Roger Ebert’s fat ass be damned. I, as well as others in the industry, believe what we create is art. We take pride in our craft.

However, sometimes the price seems too steep.

On to the point that I actually wanted to make. Jason Della Rocca (executive director, IGDA) recently published an article at The Escapist about such issues. Jamie Fristrom (producer, Tony Hawk and Spider-Man series) provides a retort. The retort is met with a rejoinder.

I agree somewhat with Jamie. Steve McConnell comes across as a holier-than-though prick. McConnell doesn’t seem to have a problem with employees at Microsoft working 14-18 hour days. Douglas Coupland wrote an entire book about the sorid affair.

I also somewhat agree with McConnell. We need to strengthen the business case for improved production practices. Some have suggested that developers should unionize or follow the Hollywood model of guilds. I’m not sure either is a model that works for the video game industry. With professional sports being an exception, unionization has usually been employed for unskilled labour. Even professional athletes still have agents. The Hollywood model doesn’t really map to video games either. In Hollywood, productions are completed with short-term contract staff.

When production goes awry, heads need to roll at the executive level. Shareholders need to fire executive-level staff when production practices falter.

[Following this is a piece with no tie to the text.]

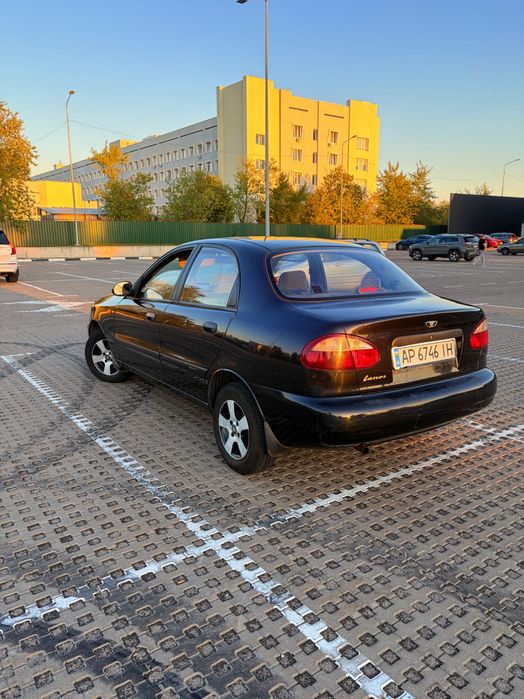 Продам ДЕО ЛАНОС 2006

The best way for developers to wield influence in the Quality of Life issue is to have voting power at the board level. This would require a co-operative type of business model where the employees own large chunks of the company’s shares.

Would it work? I don’t know. I don’t have much confidence that a union or guild would work much better.

Della Rocca: When the average career length of the game development workforce is just over five years and over 50% of developers admit they don’t plan to hang around for more than 10, we have a problem. How can an industry truly grow, and an art form evolve, if everyone is gone by the time they hit 30?

I am now 26 years old. This is probably close to the median age for the programmers on my team. Will I still be in this industry when I am 30 years old? Probably not.

At work, there are games to be made. At home, there are games to be played. With friends, there are games to be talked about. On the internet, there are news sites to be perused. On my nightstand, there are piles of books to be read.

It’s not a job or a career, it is a lifestyle. An all-consuming lifestyle at that.